The same data are summarized in this histogram.

Although this information is useful, it might be more helpful to know the proportion of sticks of butter in each weight interval rather than the actual number of sticks in that weight interval.

- Complete the table by dividing each frequency value by the total number of sticks of butter in the data set. Round each value to 4 decimal places.
- A
**relative frequency histogram**is a histogram in which the height of each bar is the relative frequency. Since the heights of the bars are found by dividing each height by the total number of sticks of butter, the shape of the distribution is the same as a regular histogram, but the labels on the \(y\)-axis are changed. Label the \(y\)-axis with the correct values for each mark. - The manufacturer believes they should replace the machine if more than 25% of the sticks of butter are more than 1 gram away from the intended value of 110 grams.
- Indicate on the relative frequency histogram the bars that correspond to sticks of butter that are more than 1 gram away from the intended weight of a stick of butter.
- Should this machine be replaced? Explain or show your reasoning.

### 5.4: The Normal Curve

These curves represent **normal distributions** with different means and standard deviations. What do you notice?

The equation for the curve for a normal distribution is

\(f(x) = \frac{1}{\sigma \sqrt{2\pi}} \boldcdot e^{\frac{-(x-\mu)^2}{2\sigma^2}}\)

where \(\sigma\) is the standard deviation, \(\mu\) is the mean, and \(e\) is a particular number close to 2.718.

Notice the part of the function that is \((x - \mu)\). Using your understanding of transformations of functions, how does changing \(\mu\) affect the graph of the function?

### Summary

A histogram shows the number of items in the data set that fall into specified intervals. A **relative frequency histogram** shows the proportion of the entire data set that falls into specified intervals.

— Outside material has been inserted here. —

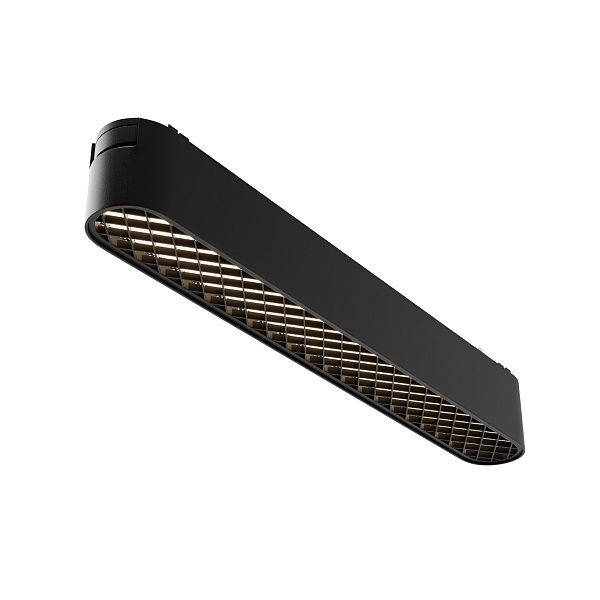 Трековый светильник Maytoni Technical Basis Grid TR084-1-12W4K-B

For example, a study measured the handspan of 1,000 adults in centimeters. A handspan is the distance from the thumb to the smallest finger when the fingers are stretched out as much as possible. A histogram shows the number of people whose handspans are in certain intervals. The height of each bar in a histogram represents the frequency for the corresponding interval. In this example, there are 132 adults in the study whose handspans are at least 20 centimeters, but less than 20.5 centimeters.

A histogram that uses the relative frequencies shows a distribution with the same shape, but the heights of the bars represent the relative frequency for the corresponding intervals. For example, out of all the adults in the study, 13.2% have handspans that are at least 20 centimeters, but less than 20.5 centimeters (since \(\frac{132}{1,000} = 0.132\)).

In a similar way to how we can model data in a scatter plot with a line or other curve so that additional information can be estimated or predicted, it can be useful to model an approximately symmetric and bell-shaped distribution with a particular distribution called the *normal distribution*. A **normal distribution** is symmetric and bell-shaped, has an area of 1 between the \(x\)-axis and the curve, and has the \(x\)-axis as a horizontal asymptote. A normal distribution is determined entirely by the mean and standard deviation.

For the handspan data, the mean is 20.9 cm and the standard deviation is 1.41. The curve that represents the normal distribution with this same mean and standard deviation is shown on top of the relative frequency histogram for the actual data. Notice that the curve does a fairly good job of modeling the actual data in this situation, although it is not perfect.

### Glossary Entries

**normal distribution**A specific distribution in statistics whose graph is symmetric and bell-shaped, has an area of 1 between the \(x\)-axis and the graph, and has the \(x\)-axis as a horizontal asymptote.

**relative frequency histogram**A histogram where the height of each bar is the fraction of the entire data set that falls into the corresponding interval (that is, it is the relative frequency with which the data values fall into that interval).